--- MATERIALS PROVIDED ---
===

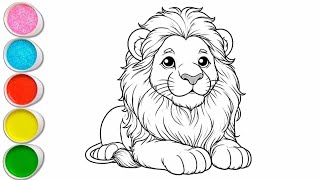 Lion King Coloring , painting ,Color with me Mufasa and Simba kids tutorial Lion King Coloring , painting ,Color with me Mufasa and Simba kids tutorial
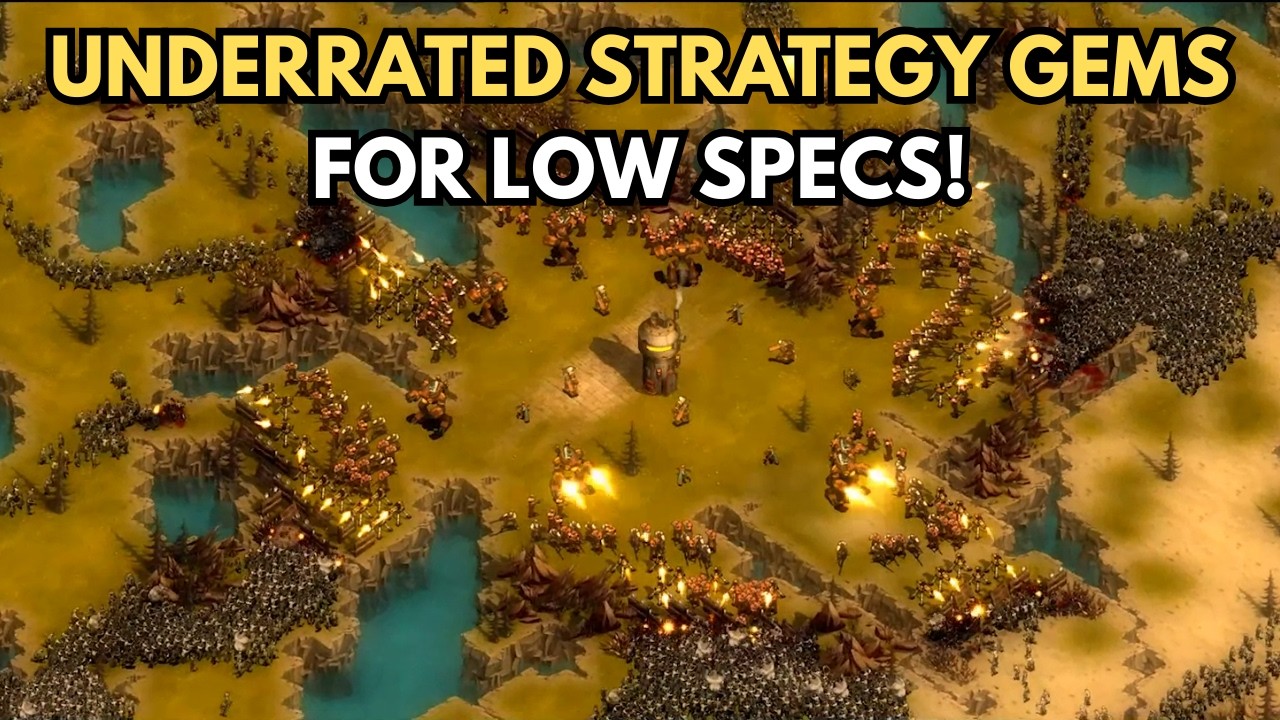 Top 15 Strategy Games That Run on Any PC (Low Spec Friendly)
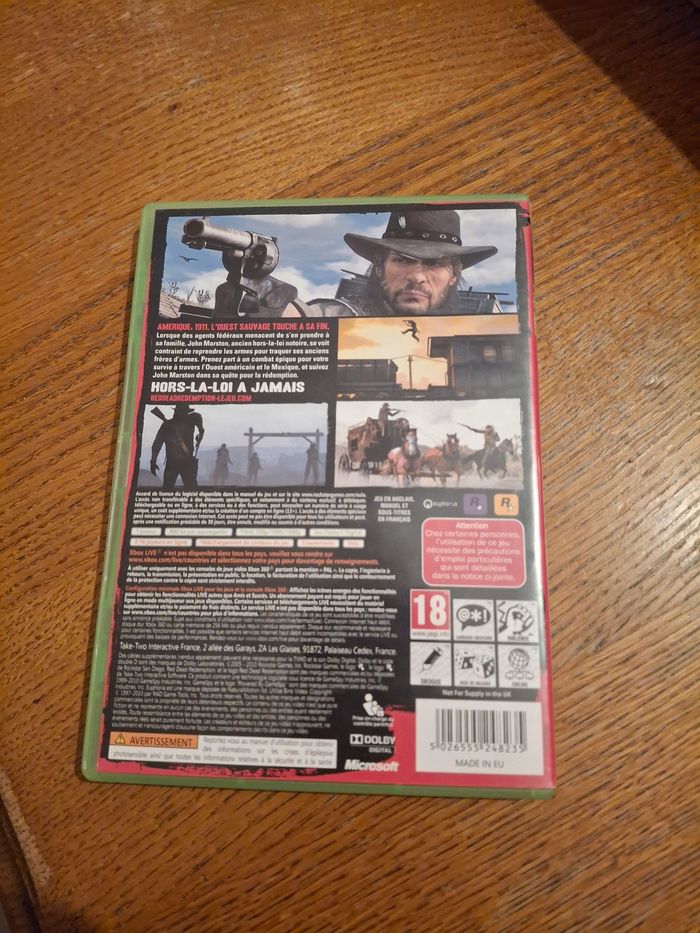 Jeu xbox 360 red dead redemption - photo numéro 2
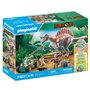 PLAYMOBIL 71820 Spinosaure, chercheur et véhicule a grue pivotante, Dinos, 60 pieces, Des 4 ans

===

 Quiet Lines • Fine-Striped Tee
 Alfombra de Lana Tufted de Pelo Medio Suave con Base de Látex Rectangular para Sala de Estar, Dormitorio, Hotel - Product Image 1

===

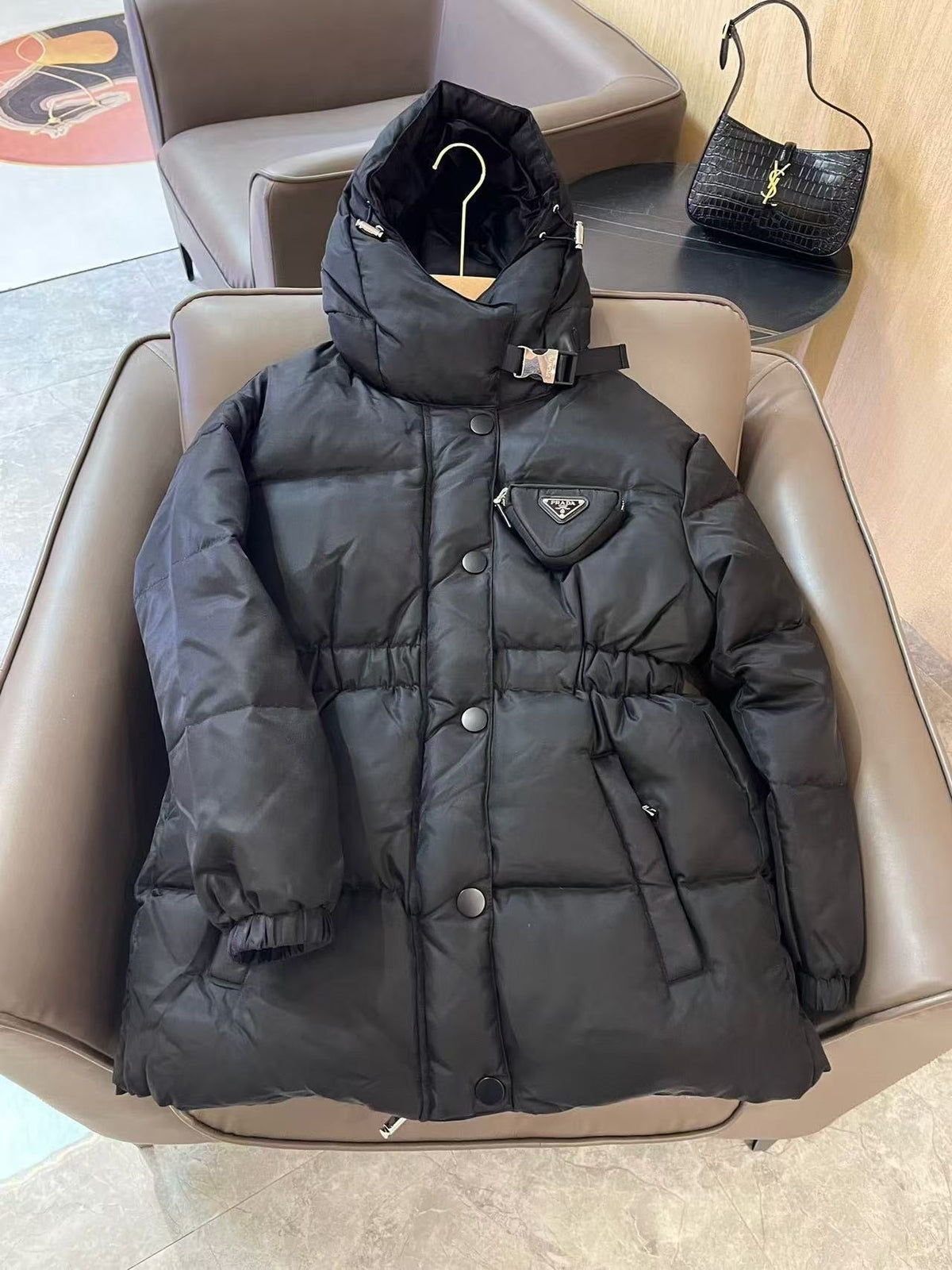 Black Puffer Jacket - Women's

===

--- PROBLEM REQUIREMENTS ---
Above are the records; copy from them only the lines starting at the one containing "Top 15 Strategy" and ending at the one containing "PLAYMOBIL 71820 Spinosaure, chercheur", exactly and without pictures.

--- SOLUTION ---
 Top 15 Strategy Games That Run on Any PC (Low Spec Friendly)
 Jeu xbox 360 red dead redemption - photo numéro 2
 PLAYMOBIL 71820 Spinosaure, chercheur et véhicule a grue pivotante, Dinos, 60 pieces, Des 4 ans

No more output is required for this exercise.